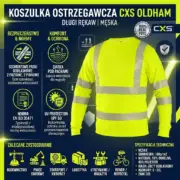 Koszulka ostrzegawcza CXS Oldham żółta - męski model z długim rękawem i segmentowymi taśmami odblaskowymi, widok z przodu - na grafice informacyjnej z ciemnogranatowym tłem, ikonami specyfikacji technicznej, norm bezpieczeństwa i zalecanego zastosowania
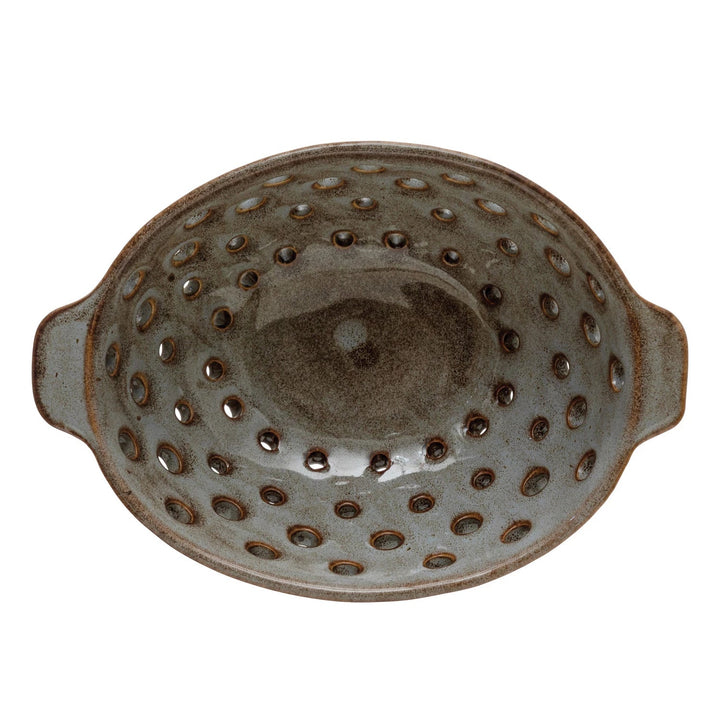 Oval Stoneware Berry Bowl - Merry PigletsCreative Co - Op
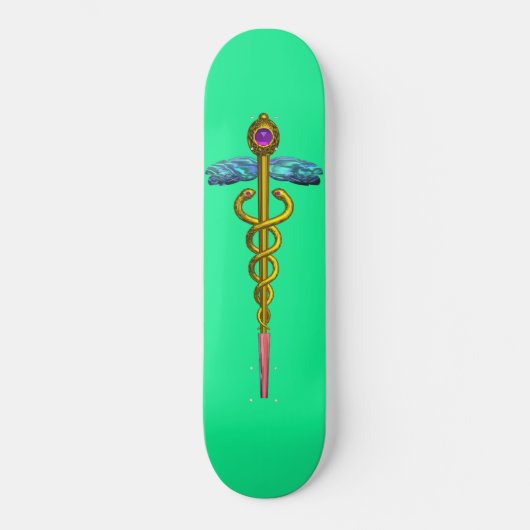 金ゴールドCADUCEUS、緑 スケートボード (正面)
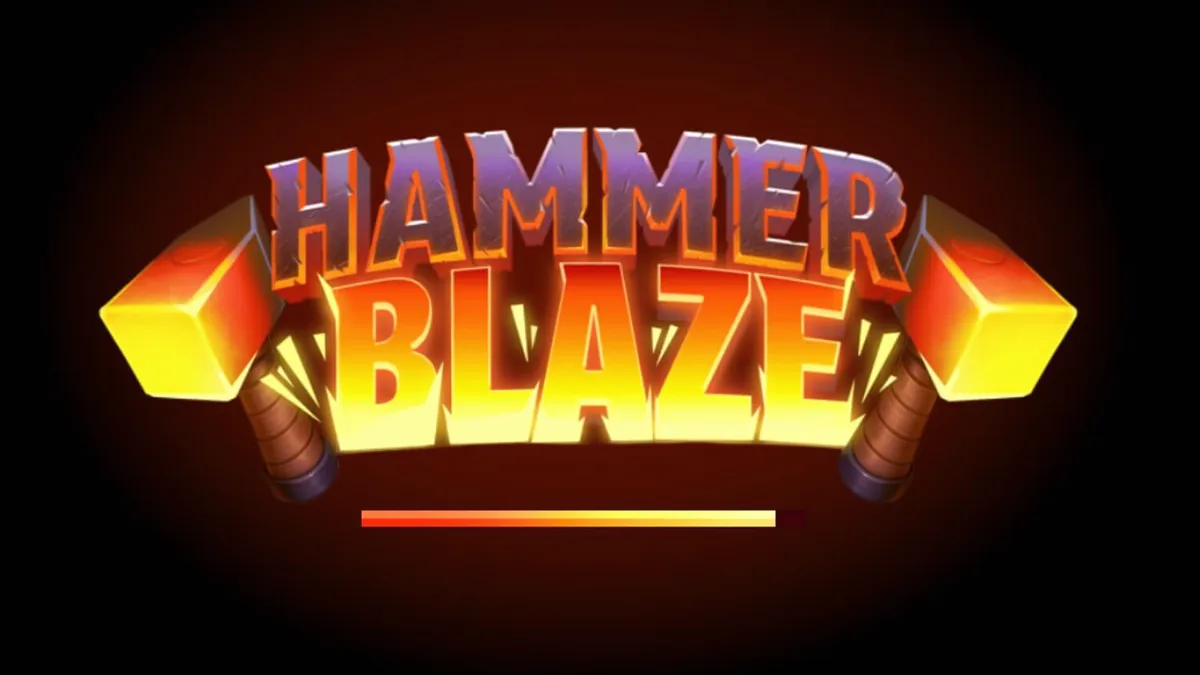 Tampilan visual slot Hammerblaze dengan latar belakang gunung berapi dan grid 7x7.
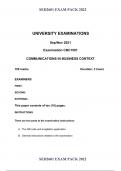 SED2601 EXAM PACK 2022 SED2601 EXAM PACK 2022 UNIVERSITY EXAMINATIONS Sep/Nov 2021 Examination CBC1501 COMMUNICATIONS IN BUSINESS CONTEXT 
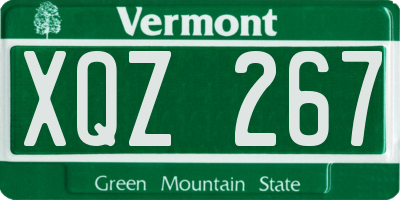 VT license plate XQZ267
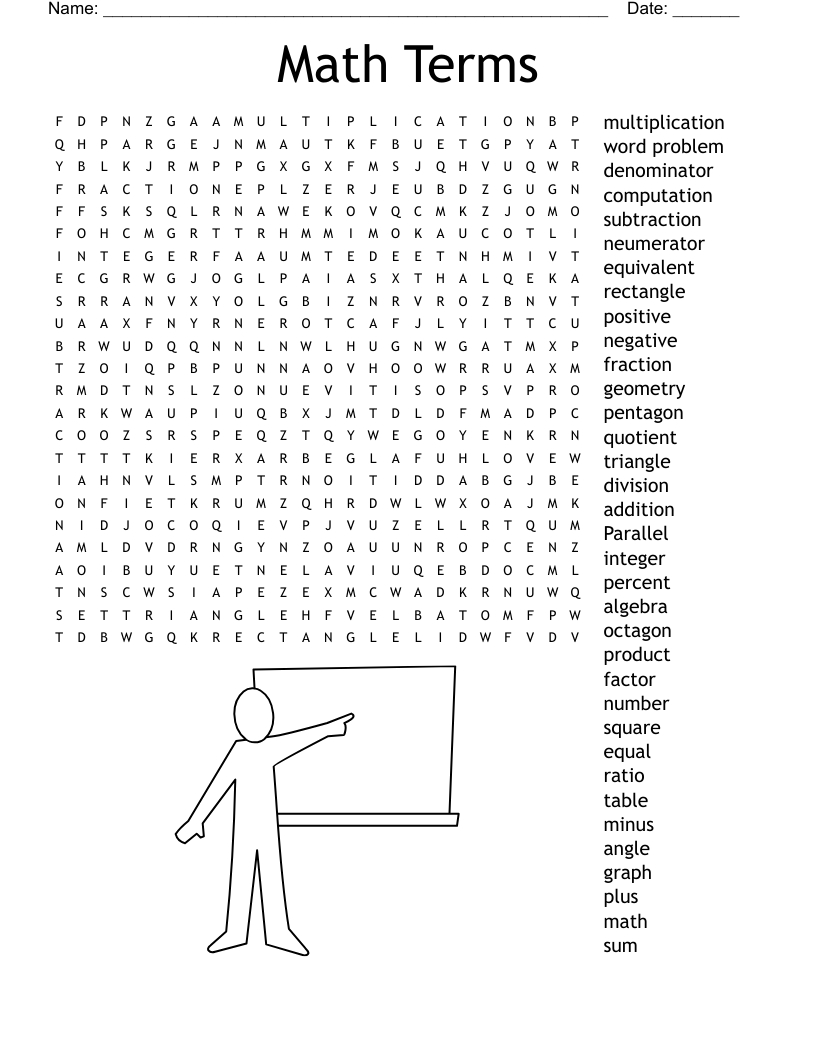Math Terms Word Search - Wordmint throughout Math Word Search Puzzles Printable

● ● ● ● ●

ACTIVITY »
The records must come back exactly, with their pictures removed.

SOLUTION FOR THIS TASK »
 Koszulka ostrzegawcza CXS Oldham żółta - męski model z długim rękawem i segmentowymi taśmami odblaskowymi, widok z przodu - na grafice informacyjnej z ciemnogranatowym tłem, ikonami specyfikacji technicznej, norm bezpieczeństwa i zalecanego zastosowania
 Oval Stoneware Berry Bowl - Merry PigletsCreative Co - Op
 金ゴールドCADUCEUS、緑 スケートボード (正面)
 Tampilan visual slot Hammerblaze dengan latar belakang gunung berapi dan grid 7x7.
 SED2601 EXAM PACK 2022 SED2601 EXAM PACK 2022 UNIVERSITY EXAMINATIONS Sep/Nov 2021 Examination CBC1501 COMMUNICATIONS IN BUSINESS CONTEXT 
 VT license plate XQZ267
Math Terms Word Search - Wordmint throughout Math Word Search Puzzles Printable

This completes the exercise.